It's not often that you hear the term security guard mixed up with environmentalism, but the two are inextricably intertwined on a 20-kilometer stretch of beach in Bali, Indonesia, reports The Jakarta Post.
There, security guards, or pecalang, protect Pemuteran, a five-hectare marine conservation zone, from illegal fishing and other theft of coral and marine-life. The sea guards, who work voluntarily, patrol the beach by foot or by a motor boat.
Though pecalang are a tradition in Bali villages, these security guards are special.
Every village in Bali has pecalang. The traditional guards maintain village security and manage traffic flows during religious and customary ceremonies. Pecalang in Pemuteran are different from other community guards because they have the additional responsibility of helping conserve the diversity of marine life. Pemuteran’s guards are known as pecalang laut or sea guards. A seaside village, Pemuteran’s pecalang unit has 30 members, coordinated by Made Gunasa.

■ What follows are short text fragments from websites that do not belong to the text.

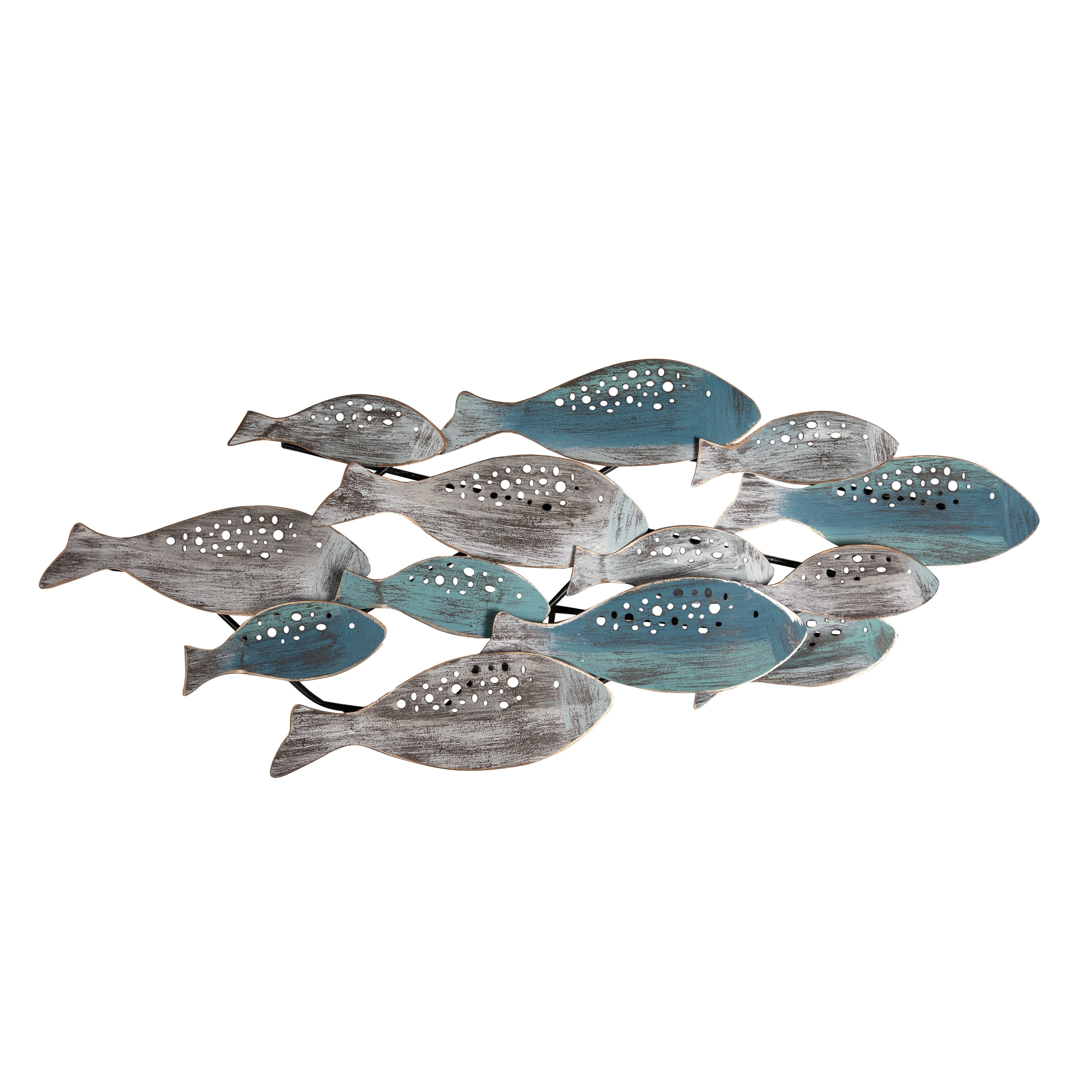 Danya B. École de poissons, art mural côtier moderne en métal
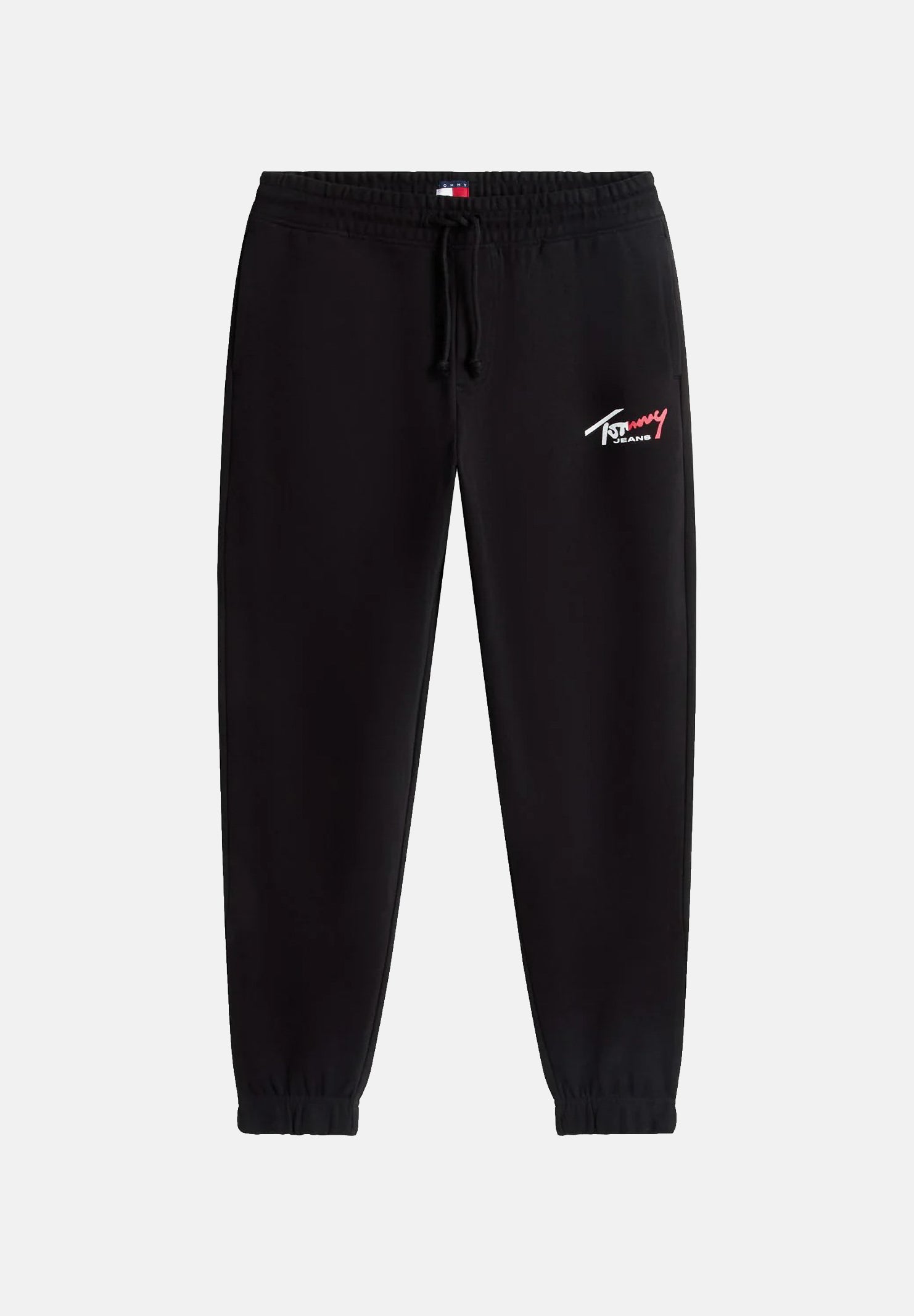 TOMMY JEANS Pantaloni da tuta TJM REGULAR nero da uomo con logo firma a contrasto.<BR/> DM0DM23903 BDS TOMMY JEANS 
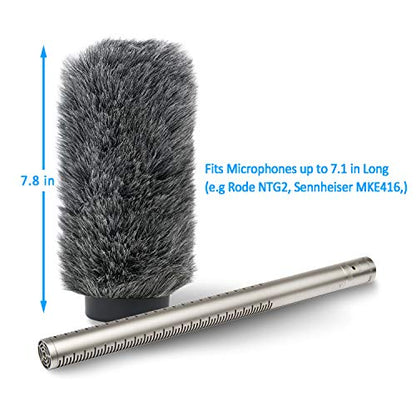NTG3 Microphone Windscreen - Deadcat/Windmuff for Rode NTG-3, Sennheiser MKH416 Shotgun Mic, Wind Shield Up to 7.1" Long by YOUSHARES - color: 02_Gray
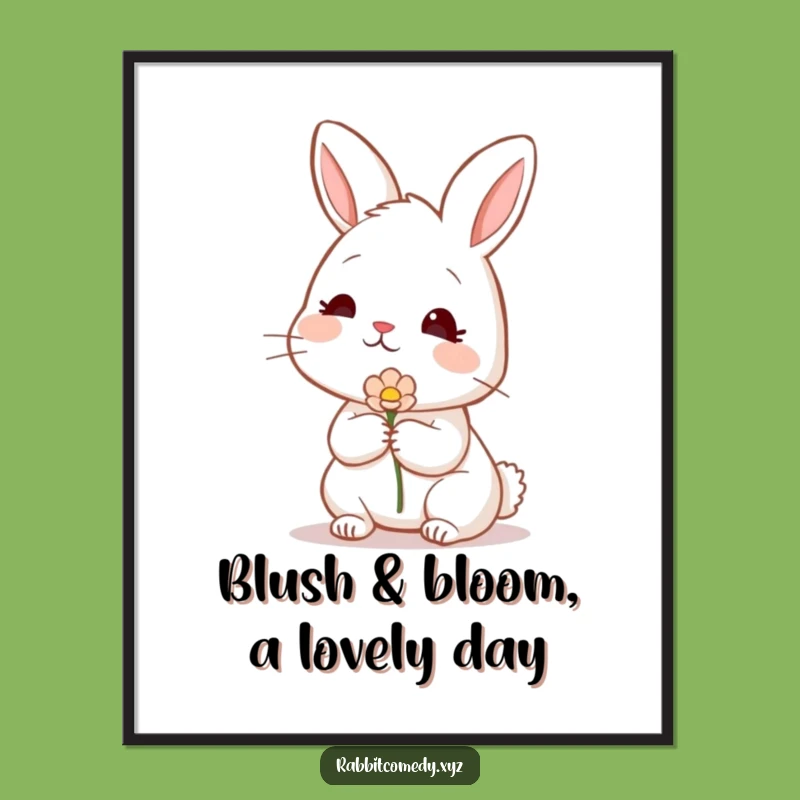 Free Printable Shy Rabbit Wall Art: Funny Flower Decor, Downloadable Sweet Gift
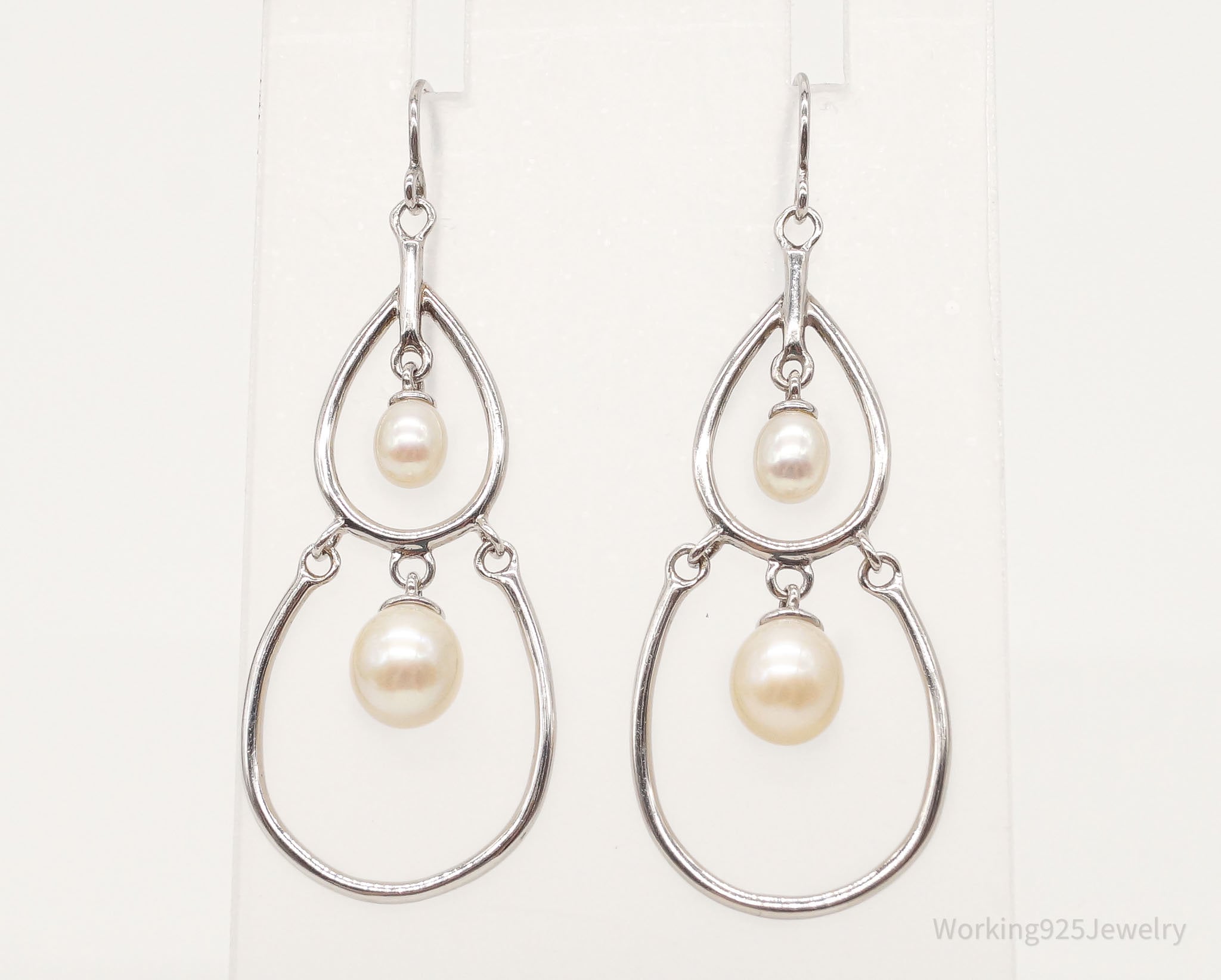 Vintage Designer Pearl Dangle Sterling Silver Earrings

“Besides helping processions during religious ceremonies, pecalang here also have the added responsibility of protecting sea creatures from theft by the public,” said Made.
He said that marine life conservation was vital to the economy of his village, which is heavily dependent on the beauty of its reefs, and other undersea wonders, as the main attraction for tourists. “They are a blessing to the village and its people,” he said.
The Post explains the pecalang were created after rampant illegal fishing and coral theft almost devastated the beach's ecosystem. A particularly destructive practice was dynamite fishing. But in 2000, a coalition of businesses, scientists, and residents teamed up to create the pecalang laut and dynamite fishing off the beach has all but ceased to exist.
At the end of November, the article reports, there have been just two cases of illegal fishing for decorative fish. Those caught were taught about the importance of conservation and had their fishing equipment confiscated.